3.2 – Como Lula em seu primeiro mandato, Bolsonaro perdeu gravemente apoio da classe média dos centros urbanos que o elegeu, mas passou a receber o apoio dos brasileiros mais pobres do interior, principais beneficiados por políticas compensatórias. Esse setor vota desde de 1994 em quem já está no Governo: foi com o PSDB entre 1994 e 2002, com o PT de 2006 a 2018 e, ao que tudo indica, está migrando para Bolsonaro.
3.3 – A estratégia de criar pontos de conflito permanente com o sistema político se provou acertada e vitoriosa não apenas para vencer a eleição, mas também para governar: É tão eficiente quanto o presidencialismo de coalizão para executar a agenda liberal, mas tem a vantagem de manter Bolsonaro com a imagem de líder que luta contra o sistema político em um momento que o Brasil atravessa a mais grave crise de sua história e as instituições não gozam de nenhum prestígio popular.
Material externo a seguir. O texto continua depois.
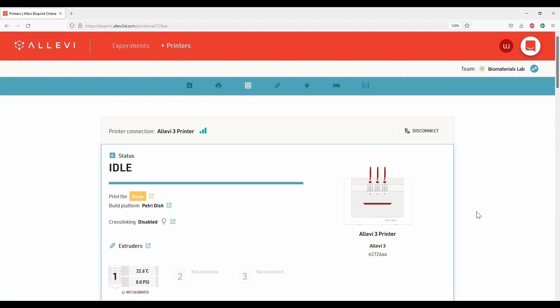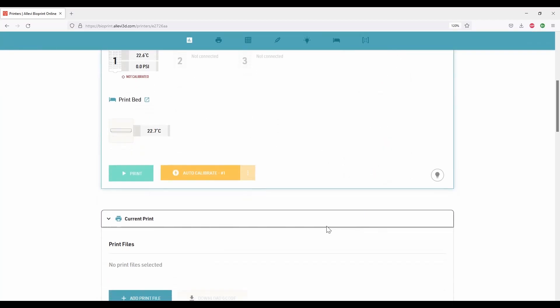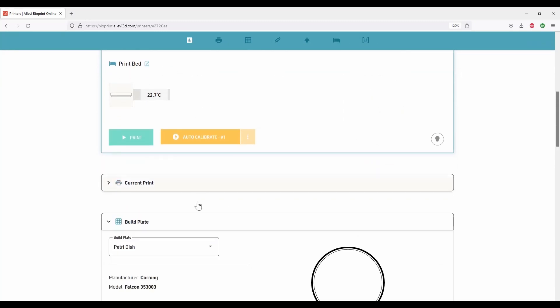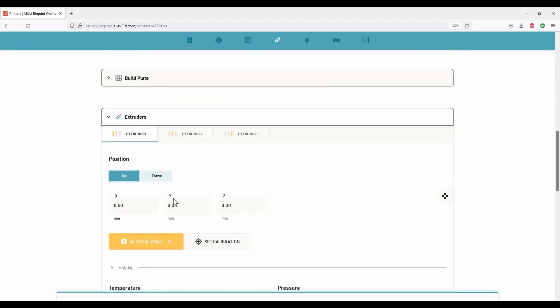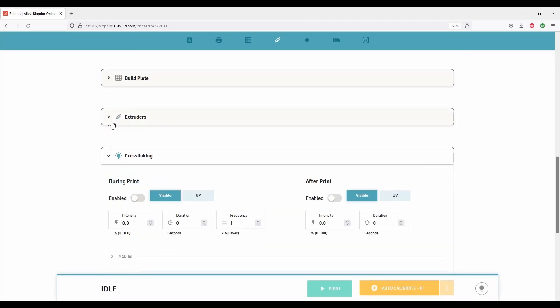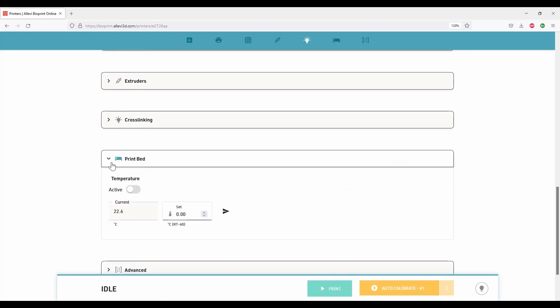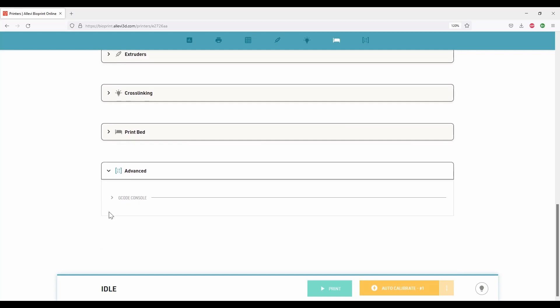We have different sections with various settings. The first section is the printer status followed by print file, build plate, extruders, cross-linking, print pad, and advanced. G-code commands can be entered in the advanced section. Please do not use this unless you are an expert in G-code.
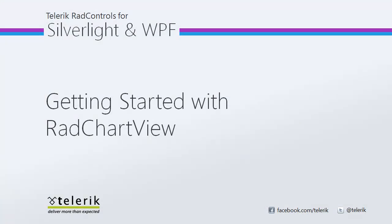So again, I want to thank you for tuning in to the Getting Started with RadChartView video for Telerik RadControls for Silverlight and WPF. Stay tuned as this is the first video in a series meant to get you acquainted with this brand new chart and take advantage of all its new capabilities. So thanks for watching and stay tuned.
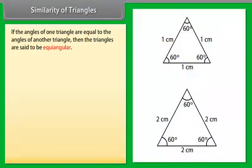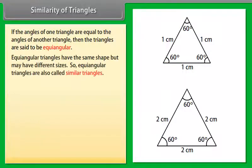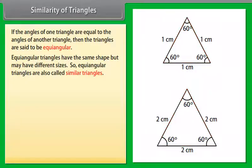Similarity of triangles: if the angles of one triangle are equal to the angles of another triangle, then the triangles are said to be equiangular. Equiangular triangles have the same shape but may have different sizes.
Há, portanto, pressão para acelerar a agenda econômica, mas a burguesia brasileira já não desconfia mais da capacidade de Bolsonaro de entregar resultados.
4) Haverá uma chapa da direita apaziguadora, como foi FHC em 1994
4.1 – Fernando Henrique Cardoso, eleito Presidente em primeiro turno em 1994 e 1998, encontrou uma fórmula de governar com estabilidade um país que vinha de 21 anos de ditadura seguidos de uma década perdida e um impeachment que derrubara o único presidente eleito em 29 anos. À brutal liberalização que implementou na economia brasileira, FHC deu um perfil republicano e conciliador, sintetizado na expressão de presidencialismo de coalizão. Acusando a direita (militares) e a esquerda (oposição à ditadura) de populistas, FHC criou para si a imagem de técnico que responde às tentações do poder com racionalidade: restrição fiscal, privatização e destruição da indústria nacional seriam as únicas opções para o Brasil crescer com eficiência.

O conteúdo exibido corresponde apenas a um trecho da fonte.